7,2 determinación cuantitativa

Los valores medios de los valores de la absorción son equivalentes al porcentaje del valor medio del OD (b) de la muestra y de la solución estándar divididas por el valor del OD (B₀) de la primera solución estándar (0 estándares) y multiplicadas posteriormente antes de 100%, es decir,

Valor del OD de la media de B-the (pozos dobles) de la muestra o de la solución estándar

B₀ — el valor medio del OD de la solución estándar 0ng/mL

Dibuje la curva estándar con los porcentajes de la absorción de las soluciones estándar y los valores del semilogarithm de las soluciones estándar de Enrofloxacin (ng/mL) como la y y X-AXIS, respectivamente. Lea la concentración correspondiente de la muestra de la curva estándar incorporando su porcentaje de la absorción en la curva estándar. El valor resultante es multiplicado posteriormente por el doblez correspondiente del dilución, finalmente obteniendo la concentración de Enrofloxacin en la muestra.

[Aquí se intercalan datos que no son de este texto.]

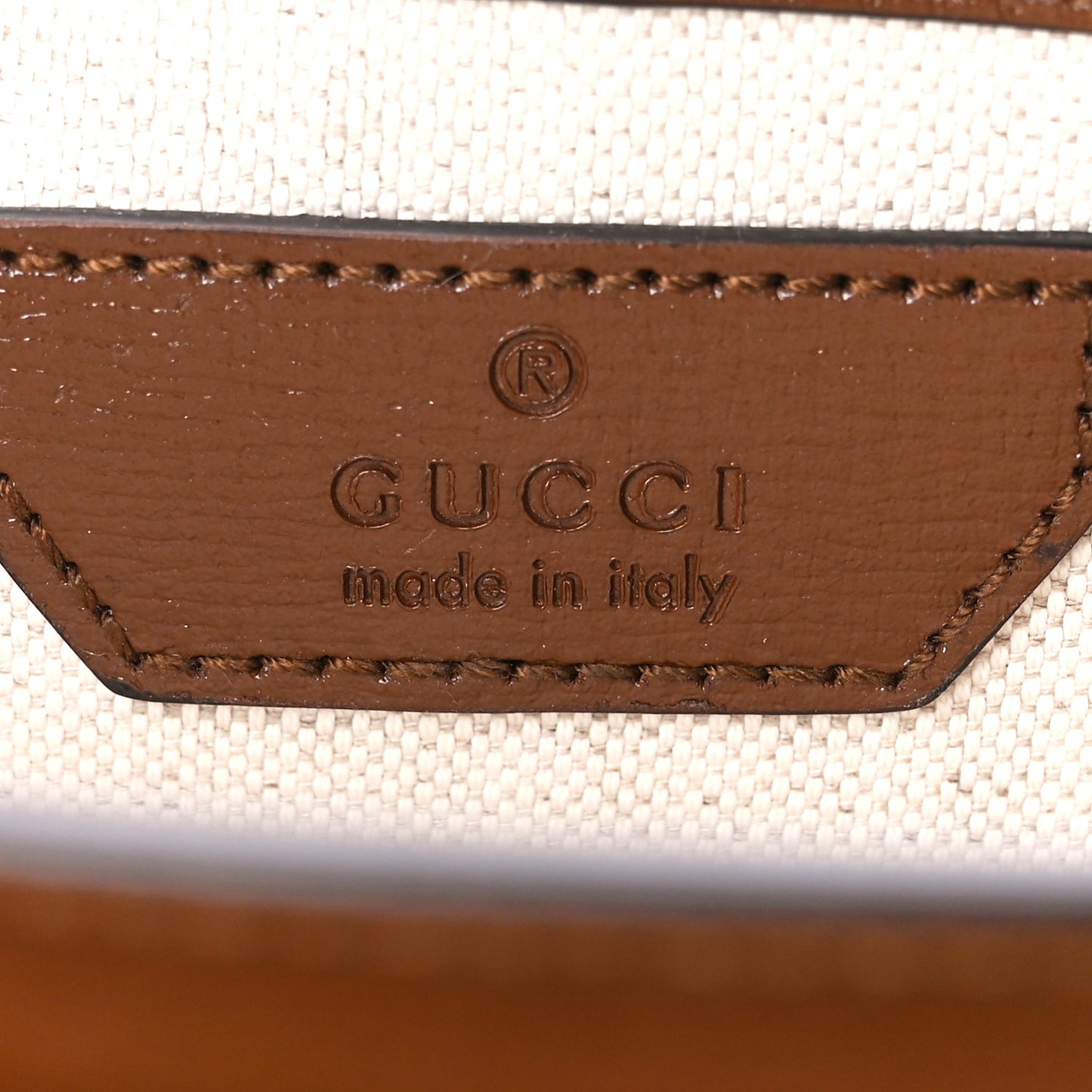 GG Supreme Monogram Azalea Calfskin Dusty Carnation Mini Retro Interlocking G Flap Shoulder Bag Beige Ebony Multicolor Brown Sugar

Usando analizando el software profesional de este equipo será más conveniente para el análisis exacto y rápido de una gran cantidad de muestras. (Éntrenos en contacto con por favor para este software)

8. Precauciones

• La temperatura ambiente debajo del ℃ 25 o la temperatura de los reactivo y de las muestras que no son vueltos a la temperatura ambiente (℃ 20-25) llevará a un valor estándar más bajo del OD.
• La sequedad del microplate en el proceso que se lava será acompañada por las situaciones incluyendo las curvas estándar no lineales y la reproductibilidad indeseable; Continúe tan al paso siguiente inmediatamente después del lavado.
• Mézclese uniformemente, si no habrá la reproductibilidad indeseable.
• La solución de la parada es la solución ácida sulfúrica de 2 M, evita entrar en contacto con con la piel.
• No utilice el equipo que excede su fecha de vencimiento. El uso de reactivo diluidos o adulterados de los equipos llevará a los cambios en la sensibilidad y los valores de detección del OD. No intercambie los reactivo de los equipos de diversos números de lote para utilizar.
• Ponga el microplate inusitado en un bolso del auto-lacre para resellarlo. La sustancia estándar y el color descolorido anteriores es sensibles a la luz, y no pueden ser expuestos así directamente a la luz.
• Deseche la solución de la coloración con cualquier color que indique la degeneración de esta solución. El valor de detección de las 0 soluciones estándar de menos de 0,5 (A450 nanómetro< 0="">

8. La temperatura óptima de la reacción es el ℃ 25, y las temperaturas demasiado altas o demasiado bajas darán lugar a los cambios en la sensibilidad de detección y valores del OD.

9. Fecha del almacenamiento y de vencimiento

Almacenamiento: tienda en el ℃ 2-8, no congelado.

Fecha de vencimiento: 1 año; la fecha de la producción está en la caja.

Nota: Si el envasado al vacío del microplate tiene salida, es todavía válido utilizar, no afecta al resultado de la prueba, sea relajarse para utilizar.